Frémissement de la vie

La nuit ne dure pas. Depuis que je l’héberge, L est aux petits soins et le mal perd du terrain. Avant, la maladie m’accompagnait en permanence. Dans les moments d’accalmie, la peur d’une rechute me paralysait. Maintenant, dès que la douleur disparaît, la maladie n’existe plus pour moi. Je sens bien que lentement l’écorce cicatrise. L’air entre frais dans les poumons, il sort chaud des narines et de la bouche, j’écoute les battements du sang dans mes veines. J’essaie de me réjouir de la vie à chaque instant. Lorsque la douleur se réveille à nouveau, j’accepte de souffrir aux côtés de L car je sais qu’après, un bonheur plus grand m’attend. Comme une racine de glycine capable de soulever des tonnes de béton, ce frêle bout de femme sait comment délivrer mon corps de la maladie. Sa présence me donne la force d’épuiser toutes les souffrances. Il suffit qu’elle soit là, qu’elle partage la même pièce que moi pour que la vieille machine déglinguée se remette en route. Dès qu’elle apparaît dans mon champ de vision, c’est le retour mystérieux de la vie. Un excédent de force inespéré m’envahit. Cette force, sans doute mon corps la ressent-il avec d’autant plus d’intensité qu’il a si longtemps été atrophié, pour ne pas dire dévasté, par le mal. On le sait, ce sont les êtres souffreteux qui parlent le mieux de la grande santé.

L est bonne à vivre, et j’approfondis chaque instant de vie avec elle.

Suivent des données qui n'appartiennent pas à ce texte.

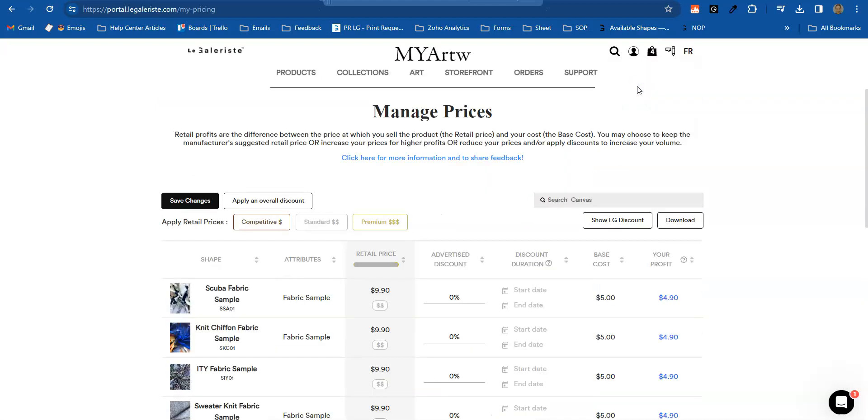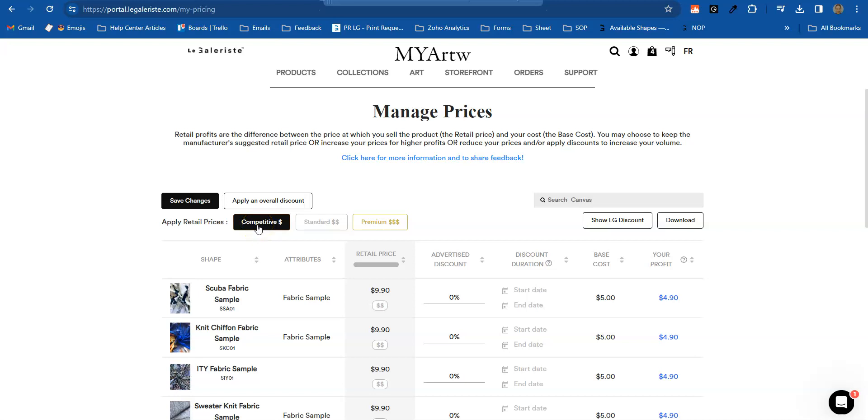So here you will be able to change the retail prices that will appear on your storefront. We have two ways. First, you can click here. We have three pricing options: competitive, standard, and premium.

Elle me laisse entrevoir le bonheur, ou plutôt une joie fragile qui m’aide à tenir debout. La mort semble avoir marquée une pause dans ma tête. Dans le corps non, sans doute pas. Le crabe continue sûrement de me dévorer l’estomac. Et alors ? comme dirait Andy Wahrol. Tu es en train de crever, et alors ?  Tâche d’être ami avec toi-même pour ce qu’il te reste à vivre, et de cheminer vers ce qui est bon pour toi. « La nature à chaque instant s’occupe de votre bien-être. Elle n’a pas d’autre fin. Ne lui résistez pas ». Cette phrase de Thoreau, depuis que je l’ai découverte, me sert de guide. J’ai décidé que ce sera mieux maintenant. L’appétit revient. Ma digestion s’améliore. Ça ne me dérange plus de croiser mon regard de sursitaire dans le miroir. Je suis toujours aussi chétif mais le regard est presque serein. L m’a réconcilié avec mon corps affaibli. J’ai cessé de lutter. J’ai rendu les armes. Ça sert à rien de combattre un ennemi increvable. J’ai retiré ma couronne d’épines et je l’ai posé sur la table. Avec Calaferte j’ai appris que la vie n’avait pas un sens expiatoire car non, il n’y a pas de péché originel. Je laisse maintenant venir le désir de guérison. La Grande Broyeuse m’a raté de peu. Désormais je ferai tout comme si c’était la dernière fois, une dernière soirée d’été, un dernier verre au crépuscule, une dernière traversée de Paris la nuit, une dernière danse. Je sourirai béatement dès que je croiserai le regard de quelqu’un. Je sourirai à la caméra de toutes mes grandes dents, puis je la prendrai dans mes mains, la caméra, et je filmerai la suite de l’histoire moi-même parce que mes yeux ont besoin de voir. Je laisserai tourner longtemps, longtemps, longs travellings comme de longues enjambées dans la nuit, plan fixe sur ta main posée sur la table en bois vernis, puis sur ton visage dont j’essaierai de saisir la moindre expression. Je serai absolument là, à l’écoute de ce qui surgit. Tous les deux, on s’en remettra au silence. Il s’agit de ne pas trahir les accords de l’enfance.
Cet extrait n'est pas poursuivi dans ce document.